Serbia's Bow to Srebrenica
Monday, at a ceremony marking the massacre of more than 7,500 Bosnian Muslims by Serb forces in 1995, Serbia's president made a powerful gesture. He paid respects to the victims of this worst single atrocity in Europe since World War II.
Serbs only recently began to recognize this orchestrated massacre, one that triggered the US-led end to the 1992-95 Bosnia war. It's taken a long time for Serbs to break through their nationalist fervor built up by deposed strongman Slobodan Milosevic. While many Serbs were also victims in the war, the slaughter at the Bosnian town of Srebrenica was in a league by itself as a war crime.
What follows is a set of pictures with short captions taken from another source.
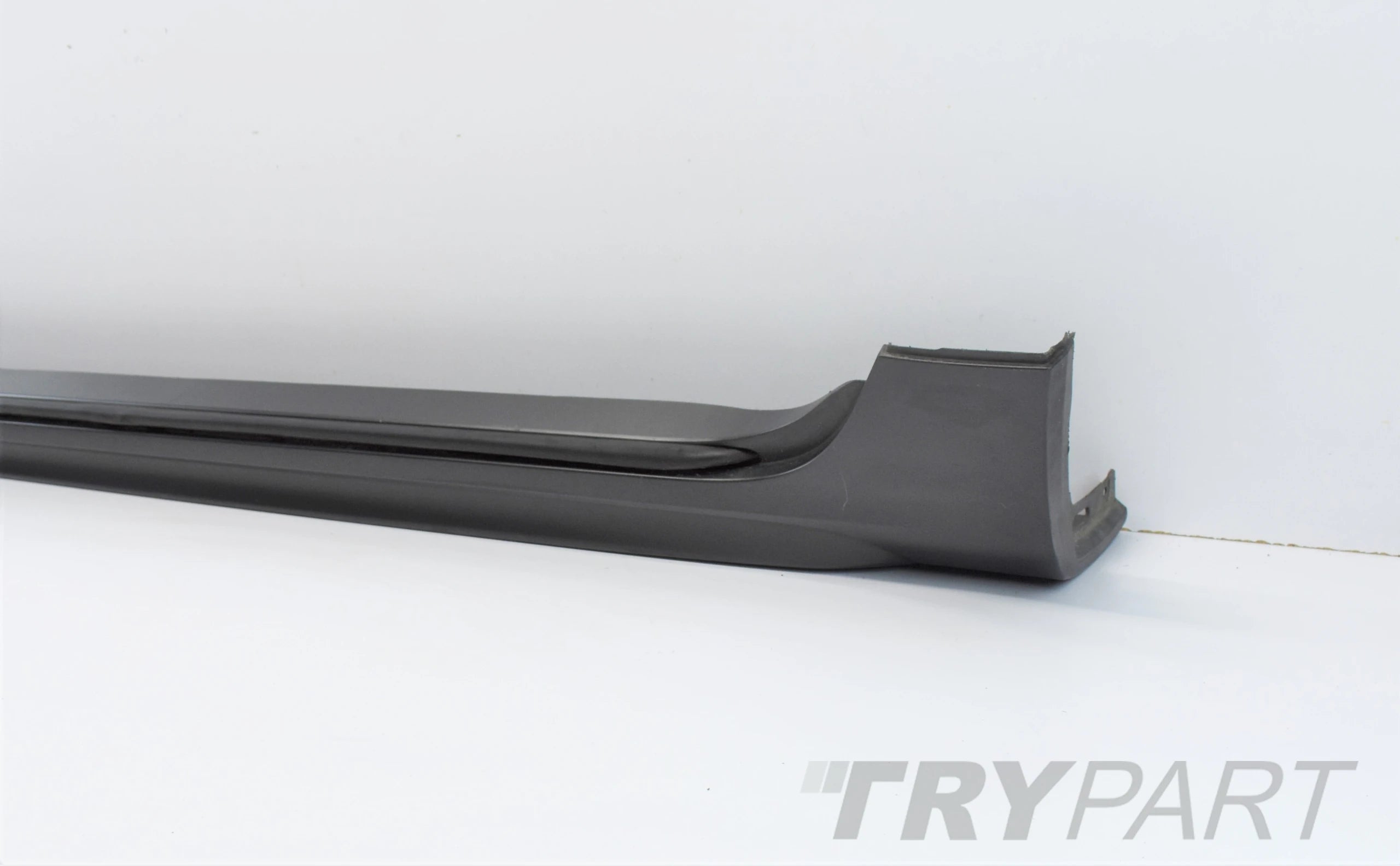 VOLVO V90 II LEFT SILL COVER ORG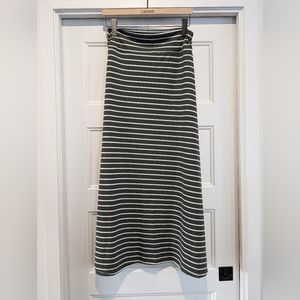 Magazine maxi skirt size L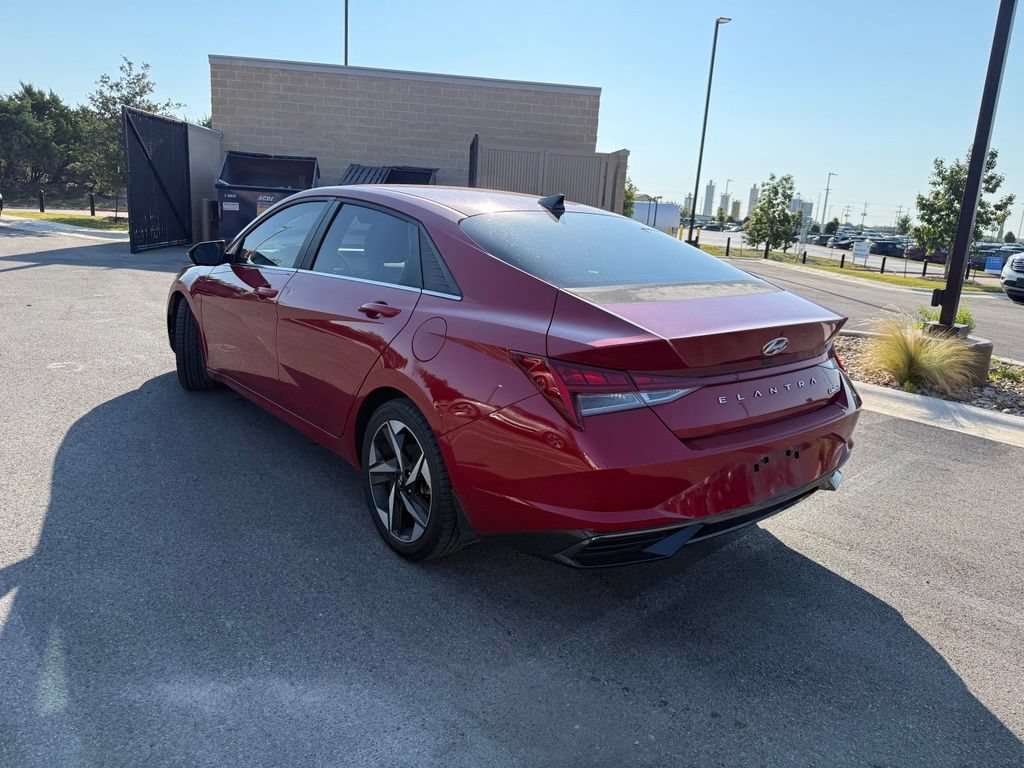 Used 2022 Hyundai Elantra Limited FWD image 6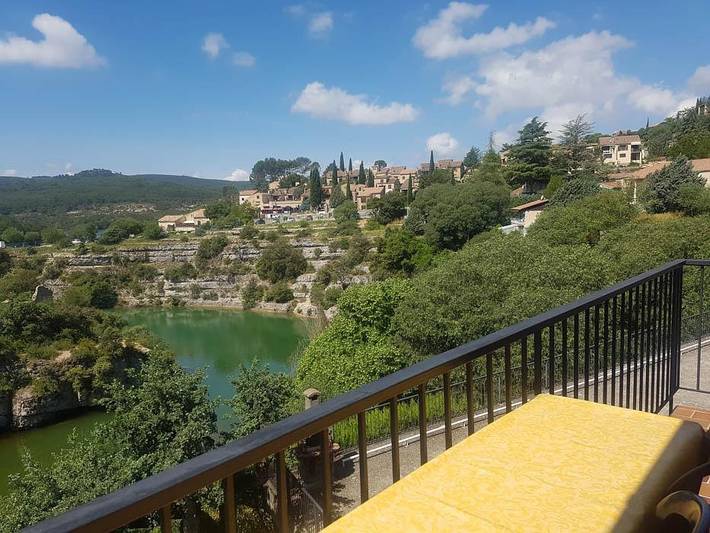 Gîte pour 4 personnes, avec Terrasse et Jardin dans Lac d'Esparron - 2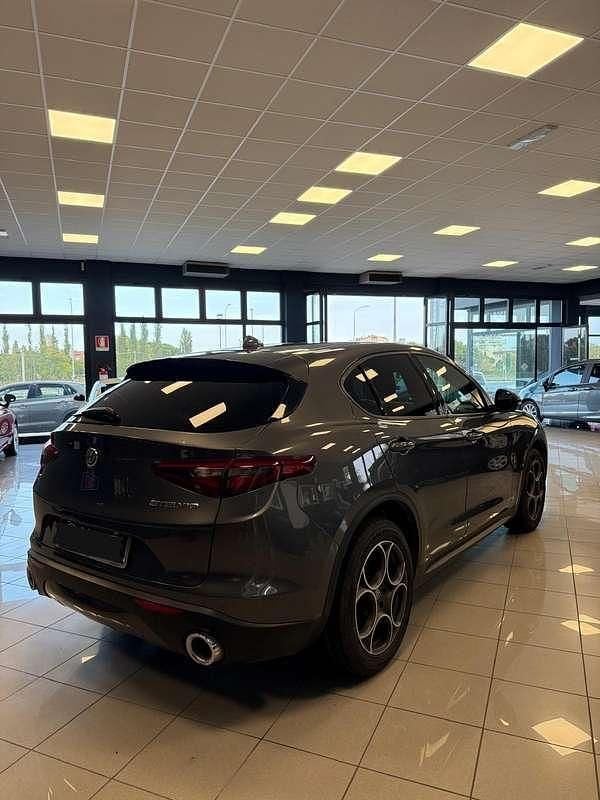 Usata Alfa Romeo Stelvio Executive 209 CV (153 kW) 2017 Marrone SUV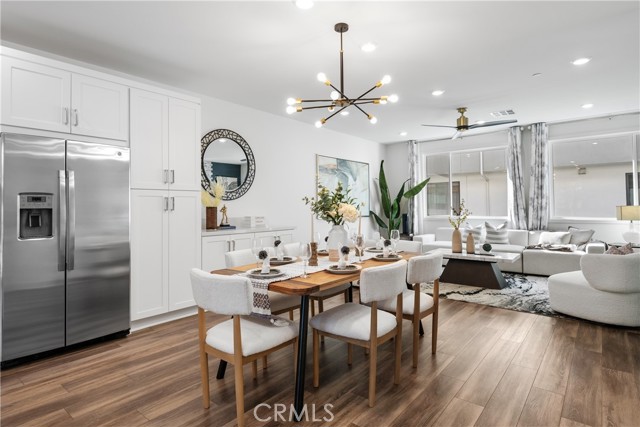 Detail Gallery Image 7 of 34 For 159 Waypoint, Tustin,  CA 92782 - 3 Beds | 2/1 Baths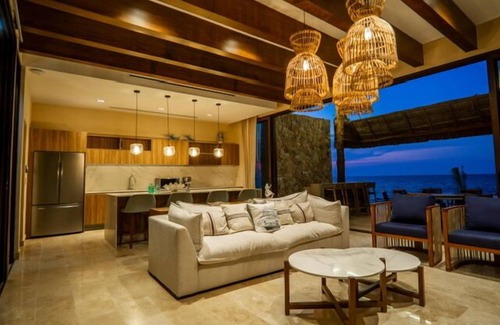 San Benito Villa | LAS OLAS, lujosa villa familiar en playa San Benito Merida.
The Balkans may not feel full peace until Serbs acknowledge this past. A recent release of a video showing Serb paramilitaries killing at Srebrenica has helped Serbs admit the tragedy.
Serbia and Montenegro, as the country is known, wants to join the European Union and receive more foreign aid. That incentive has helped the government recently surrender more than a dozen war-crime suspects to an international tribunal.
Left unaccomplished is the capture of the massacre's main perpetrators: Ratko Mladic, the wartime commander of the Bosnian Serb army, and former Bosnian Serb leader Radovan Karadzic. They've evaded arrest far too long, perhaps with the help of many Serbs. The Balkans deserve both that justice, and true reconciliation.